━━ Records shown

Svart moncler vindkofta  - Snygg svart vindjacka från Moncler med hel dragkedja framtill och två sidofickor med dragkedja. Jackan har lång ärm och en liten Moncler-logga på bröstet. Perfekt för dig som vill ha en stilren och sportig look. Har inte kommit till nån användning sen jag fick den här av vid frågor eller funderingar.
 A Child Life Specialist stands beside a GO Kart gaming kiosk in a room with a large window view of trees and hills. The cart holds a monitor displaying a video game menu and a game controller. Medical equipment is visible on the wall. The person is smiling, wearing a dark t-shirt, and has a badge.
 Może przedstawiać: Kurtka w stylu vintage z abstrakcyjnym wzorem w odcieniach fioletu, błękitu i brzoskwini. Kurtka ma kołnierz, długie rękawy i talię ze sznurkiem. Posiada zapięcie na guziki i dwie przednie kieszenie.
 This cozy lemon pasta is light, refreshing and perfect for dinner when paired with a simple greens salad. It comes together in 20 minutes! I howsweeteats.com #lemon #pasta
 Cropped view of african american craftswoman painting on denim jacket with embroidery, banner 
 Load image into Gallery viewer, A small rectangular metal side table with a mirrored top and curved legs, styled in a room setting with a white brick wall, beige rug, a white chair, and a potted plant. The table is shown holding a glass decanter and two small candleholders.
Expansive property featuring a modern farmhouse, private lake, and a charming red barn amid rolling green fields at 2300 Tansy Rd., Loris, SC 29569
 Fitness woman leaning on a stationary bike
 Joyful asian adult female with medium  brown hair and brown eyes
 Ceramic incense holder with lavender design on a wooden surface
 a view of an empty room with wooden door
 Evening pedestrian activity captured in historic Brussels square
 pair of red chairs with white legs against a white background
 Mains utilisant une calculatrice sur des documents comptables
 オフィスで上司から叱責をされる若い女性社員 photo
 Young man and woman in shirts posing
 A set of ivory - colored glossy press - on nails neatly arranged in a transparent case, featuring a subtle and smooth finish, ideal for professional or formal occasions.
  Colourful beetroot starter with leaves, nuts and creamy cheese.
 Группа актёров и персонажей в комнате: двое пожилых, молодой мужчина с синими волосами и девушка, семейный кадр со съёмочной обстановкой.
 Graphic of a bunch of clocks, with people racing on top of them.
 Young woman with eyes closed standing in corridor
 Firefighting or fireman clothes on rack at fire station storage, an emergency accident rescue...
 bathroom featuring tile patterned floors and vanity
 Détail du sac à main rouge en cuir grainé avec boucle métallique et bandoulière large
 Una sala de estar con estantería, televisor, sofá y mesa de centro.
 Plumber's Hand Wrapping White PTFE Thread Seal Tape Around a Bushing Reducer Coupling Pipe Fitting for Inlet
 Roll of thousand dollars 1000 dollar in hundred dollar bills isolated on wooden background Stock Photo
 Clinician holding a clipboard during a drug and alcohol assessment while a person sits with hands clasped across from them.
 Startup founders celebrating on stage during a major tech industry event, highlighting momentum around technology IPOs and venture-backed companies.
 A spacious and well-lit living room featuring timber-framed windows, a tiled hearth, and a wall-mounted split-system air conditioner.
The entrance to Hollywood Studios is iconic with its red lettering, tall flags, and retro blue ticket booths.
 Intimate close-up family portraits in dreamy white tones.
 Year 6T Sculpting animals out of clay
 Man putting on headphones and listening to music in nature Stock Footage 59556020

━━━━

■ Problem to solve: Check every line of the data, and copy the ones that contain "background".

■ Your solution:
 pair of red chairs with white legs against a white background
 Roll of thousand dollars 1000 dollar in hundred dollar bills isolated on wooden background Stock Photo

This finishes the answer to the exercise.